Dunno, he's Hokage but I don't really know anything about his actual strength. He could be, he might not be. I'm gonna say that he probably increased his skills in general tbh.


----------



## Cognitios (Feb 19, 2016)

> Dunno, he's Hokage but I don't really know anything about his actual strength. He could be, he might not be. I'm gonna say that he probably increased his skills in general tbh.


ck

bruh if he's HoKAGE it's probably safe to say that he's KAGE level

He's still above Mei probably.


----------



## Itachі (Feb 19, 2016)

Cognitios said:


> ck
> 
> bruh if he's HoKAGE it's probably safe to say that he's KAGE level
> 
> He's still above Mei probably.



That's why I mentioned it, I doubt that the elders would try and measure his skill without Sharingan though.


----------



## Senjuclan (Feb 19, 2016)

Cognitios said:


> I think he could beat Tsunade and Orochimaru (no edo) more times than not.
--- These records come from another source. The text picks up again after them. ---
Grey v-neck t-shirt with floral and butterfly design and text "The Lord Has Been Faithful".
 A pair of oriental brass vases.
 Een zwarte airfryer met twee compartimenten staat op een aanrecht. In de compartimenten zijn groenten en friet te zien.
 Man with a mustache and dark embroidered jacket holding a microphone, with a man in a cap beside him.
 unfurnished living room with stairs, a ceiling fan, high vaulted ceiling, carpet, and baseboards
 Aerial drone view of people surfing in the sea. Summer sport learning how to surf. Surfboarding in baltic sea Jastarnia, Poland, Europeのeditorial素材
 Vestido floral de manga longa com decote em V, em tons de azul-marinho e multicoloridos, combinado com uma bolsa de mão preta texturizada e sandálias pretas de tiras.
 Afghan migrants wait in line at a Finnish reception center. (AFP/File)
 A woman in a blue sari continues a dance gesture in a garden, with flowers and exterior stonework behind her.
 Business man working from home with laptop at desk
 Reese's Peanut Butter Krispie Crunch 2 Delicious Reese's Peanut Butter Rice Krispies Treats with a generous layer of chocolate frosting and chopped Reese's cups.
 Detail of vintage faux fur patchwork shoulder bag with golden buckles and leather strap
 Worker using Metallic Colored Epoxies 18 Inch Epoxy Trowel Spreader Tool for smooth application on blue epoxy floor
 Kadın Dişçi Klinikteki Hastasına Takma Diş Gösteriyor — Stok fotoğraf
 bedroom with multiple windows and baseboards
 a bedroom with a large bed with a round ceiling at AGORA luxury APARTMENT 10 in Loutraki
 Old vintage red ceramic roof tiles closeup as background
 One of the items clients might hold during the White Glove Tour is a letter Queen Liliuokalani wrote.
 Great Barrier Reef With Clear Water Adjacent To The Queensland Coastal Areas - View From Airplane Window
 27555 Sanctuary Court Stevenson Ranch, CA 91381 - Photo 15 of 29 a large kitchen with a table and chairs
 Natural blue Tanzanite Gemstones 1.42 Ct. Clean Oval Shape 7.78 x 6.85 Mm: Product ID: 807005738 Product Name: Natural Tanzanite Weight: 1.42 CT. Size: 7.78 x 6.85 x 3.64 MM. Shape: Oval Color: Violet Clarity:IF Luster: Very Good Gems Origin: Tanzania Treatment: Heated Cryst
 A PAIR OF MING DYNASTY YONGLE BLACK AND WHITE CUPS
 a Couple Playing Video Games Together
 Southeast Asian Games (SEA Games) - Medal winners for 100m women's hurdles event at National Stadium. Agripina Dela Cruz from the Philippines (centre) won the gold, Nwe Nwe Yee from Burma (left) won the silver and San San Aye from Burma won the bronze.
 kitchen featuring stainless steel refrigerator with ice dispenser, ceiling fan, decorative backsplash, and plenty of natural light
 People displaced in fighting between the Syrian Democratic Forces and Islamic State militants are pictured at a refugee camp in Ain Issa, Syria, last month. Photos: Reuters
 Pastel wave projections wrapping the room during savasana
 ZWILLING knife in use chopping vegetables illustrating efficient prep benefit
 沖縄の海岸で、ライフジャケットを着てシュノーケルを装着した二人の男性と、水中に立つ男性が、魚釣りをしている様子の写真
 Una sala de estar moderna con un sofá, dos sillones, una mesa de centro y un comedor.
That puts him above Sannin lvl in my opinion.
> 
> His sharingan and speed are way above Tsunade making almost her entire arsenal obsolete and genjutsu would end it early. Orochimaru genjutsu'd almost immediately in a real fight.



He can't beat Tsunade with MS. So, what if he puts her under genjutsu? She will break it. If he harms her, she regenerates. However, once she lands a hit on him, he is dead


----------



## Nikushimi (Feb 19, 2016)

VolatileSoul said:


> He used 3 tomoe to shit on both Oro and Deidara without difficulty, so yes. I'd say he is.





Cognitios said:


> Yes. He's above Sannin level without MS.



^This. All of this.

MS-less Itachi is still _high_ Kage-level. As in, he would still completely wreck most Kage.



Atlantic Storm said:


> Orochimaru wasn't fighting to kill.



Nothing indicates that. We don't know what the circumstances or nature of that encounter were.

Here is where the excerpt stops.